Selon M. Armstrong, les policiers sont prêts à faire face à la légalisation du cannabis. Ils disposeront des outils nécessaires pour identifier les automobilistes intoxiqués et pour poursuivre la lutte aux trafiquants ou producteurs illégaux, notamment grâce à la présence d’une équipe d’enquêteurs actifs jour et nuit. L’objectif du service sera de continuer à assurer la paix et le bon ordre en appliquant la réglementation municipale qui interdit toute consommation ou présence d’individus intoxiqués dans les lieux publics.

Ceci dit, M. Cormier a mentionné qu’il ne faut pas s’attendre à une intervention policière d’envergure chaque fois qu’une odeur de cannabis flottera dans un lieu public ou lors d’un spectacle.

M. Armstrong a mentionné que la réglementation municipale interdira la consommation dans un lieu public, mais qu’il serait surprenant que tous les propriétaires de logement l’interdisent. Les terrasses et balcons privés serviront de fumoirs. « Il ne faut pas se créer de problèmes inutilement », affirme-t-il.

Selon les données fournies, le SPS a cumulé en 2017 un total de 13 dossiers de facultés affaiblies par la drogue comparativement à 19 interventions en 2018, pour toutes drogues confondues.

Un total de 300 individus ont été arrêtés pour facultés affaiblies par l’alcool, selon M. Armstrong.

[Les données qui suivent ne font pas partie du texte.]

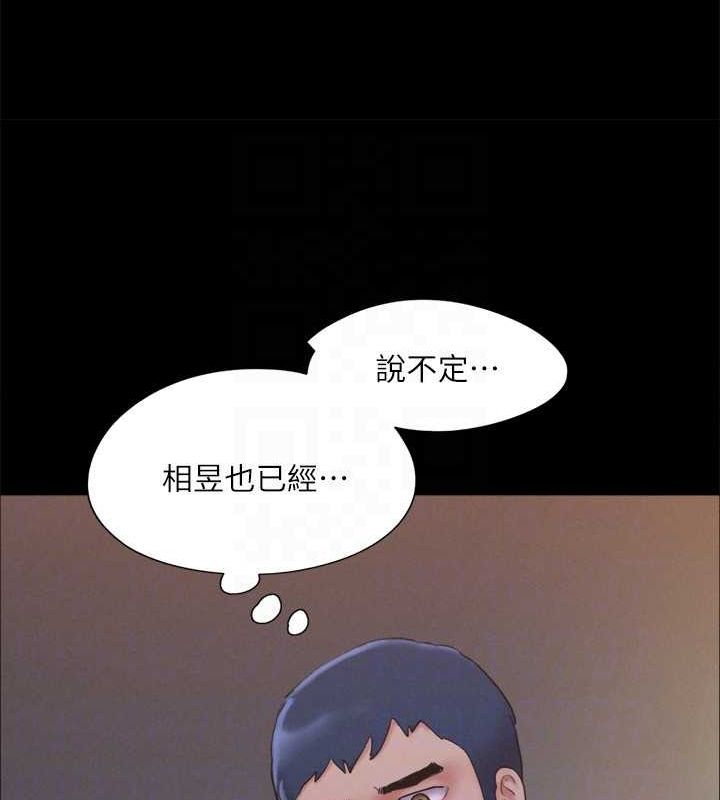 协议换爱(无码版)第121話-我不會再背著他亂搞了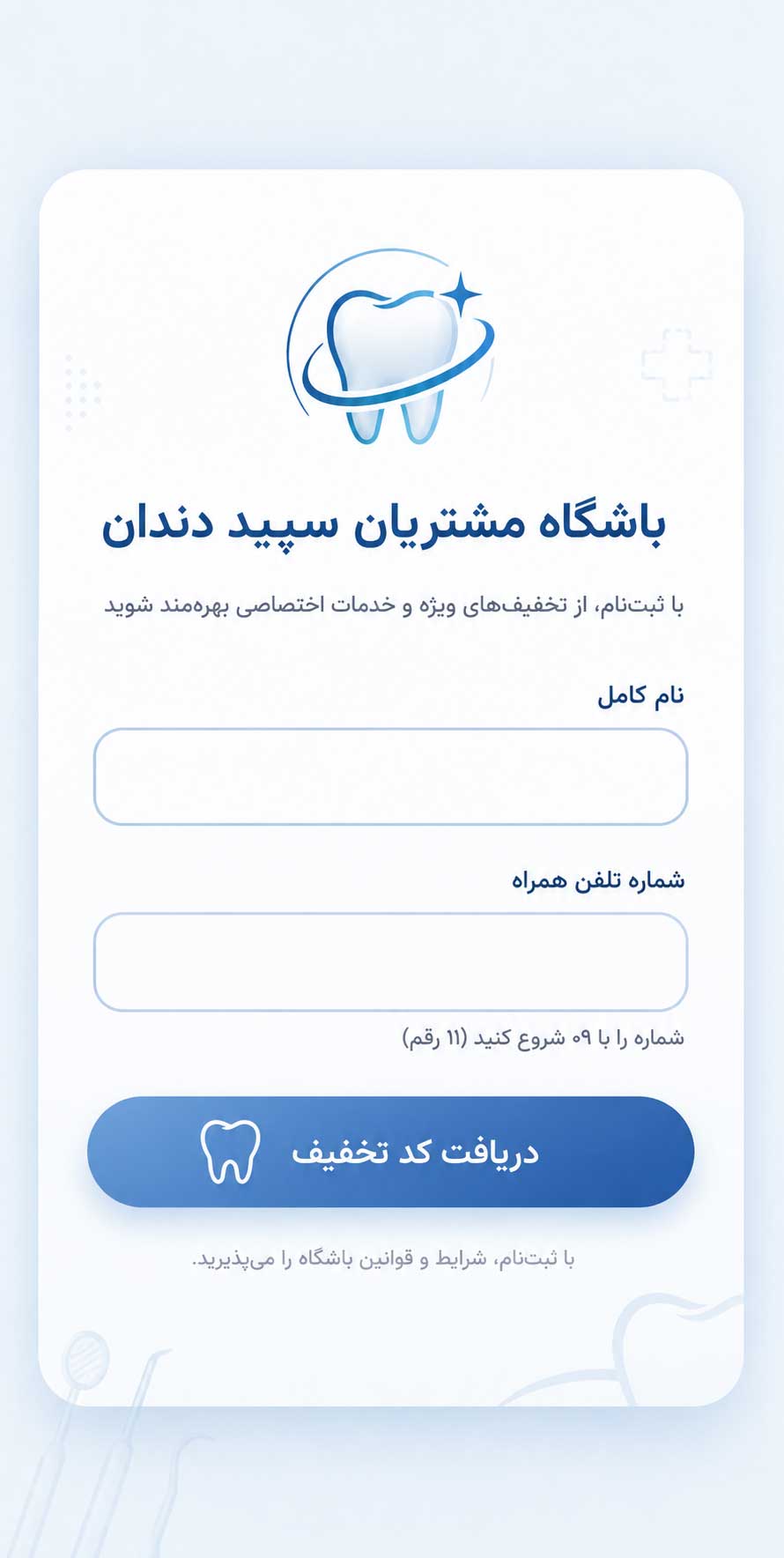 سپید دندان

Hubert Marceau, directeur du développement chez Laboratoire PhytoChemia, Jean-François Betala Belinga, médecin-conseil à la Direction de la santé publique au CIUSSS, Laurent Coulloudon, psychiatre au CIUSSS, et Kevin Armstrong, président de la commission de la sécurité publique de Saguenay, ont discuté de l’entrée en vigueur de la nouvelle loi légalisant la consommation du cannabis.

Santé publique

Du point de vue de la santé publique, la réglementation adoptée aura pour effet de concentrer les personnes consommatrices dans des lieux clos, ce qui risque de les surexposer à la fumée du cannabis avec les risques que cela comporte.

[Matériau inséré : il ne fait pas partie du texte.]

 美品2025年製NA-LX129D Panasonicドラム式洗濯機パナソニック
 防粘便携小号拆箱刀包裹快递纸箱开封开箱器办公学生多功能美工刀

Selon M. Betala Belinga, le nouveau contexte légal devrait inciter tous les intervenants en santé à poser des gestes de prévention en informant les jeunes sur les dangers d’une surconsommation de cannabis, ses effets possibles et sa prévalence sur le développement de psychose et de troubles d’anxiété ou d’apprentissage. « Toute surconsommation de substances a des effets sur la santé. Même la surconsommation de café a des effets sur la santé. L’alcool et la cigarette peuvent donner le cancer. Jusqu’à 15 % des jeunes consomment du cannabis. On n’a pas pris le temps de leur expliquer les conséquences de la surconsommation. Je crois qu’il faut porter nos efforts pour informer ces jeunes. »

Bruno Cormier, porte-parole du Service de police de Saguenay.

Manque de psychiatres

Selon M. Coulloudon, il est évident qu’avec la légalisation, il y a un risque d’augmentation du développement de troubles psychiques. Selon lui, la région est plus ou moins équipée pour faire face à une hausse de la demande en psychiatrie avec un plan d’effectifs en déficit de huit psychiatres.

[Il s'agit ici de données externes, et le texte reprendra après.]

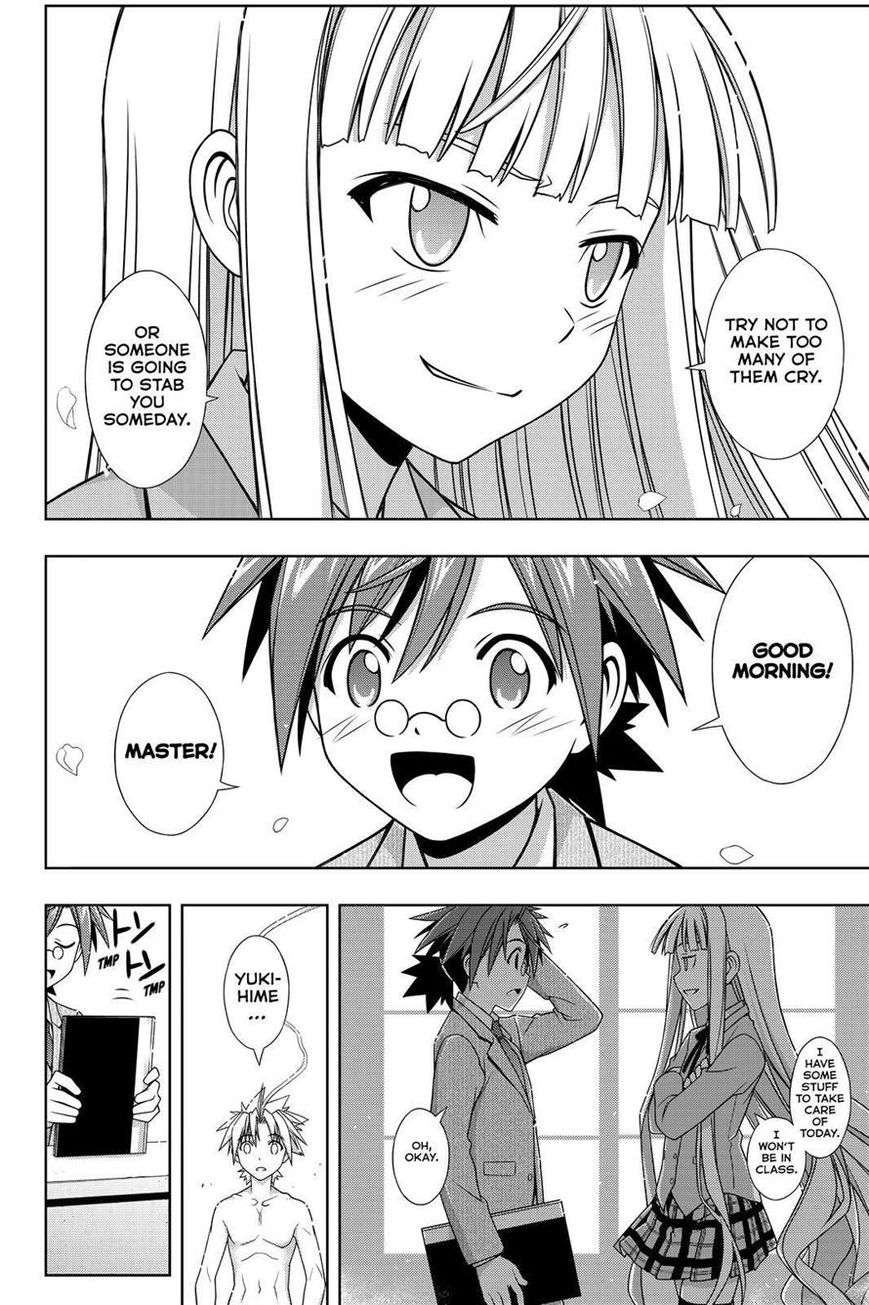 UQ Holder! Chapter 129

Actuellement, 14 psychiatres sont en pratique sur les 22 prévus. « S’il y a une hausse de prévalence, on craint de ne pouvoir assurer tous les services. On aimerait recruter et avoir du soutien par rapport au programme Premier épisode psychiatrique. »

L’un des effets bénéfiques de la légalisation, selon M. Coulloudon, est que de plus en plus de personnes afficheront plus ouvertement leur consommation et leur dépendance à leur médecin, de sorte qu’il sera plus facile de prendre ces patients en charge pour leur prodiguer des soins.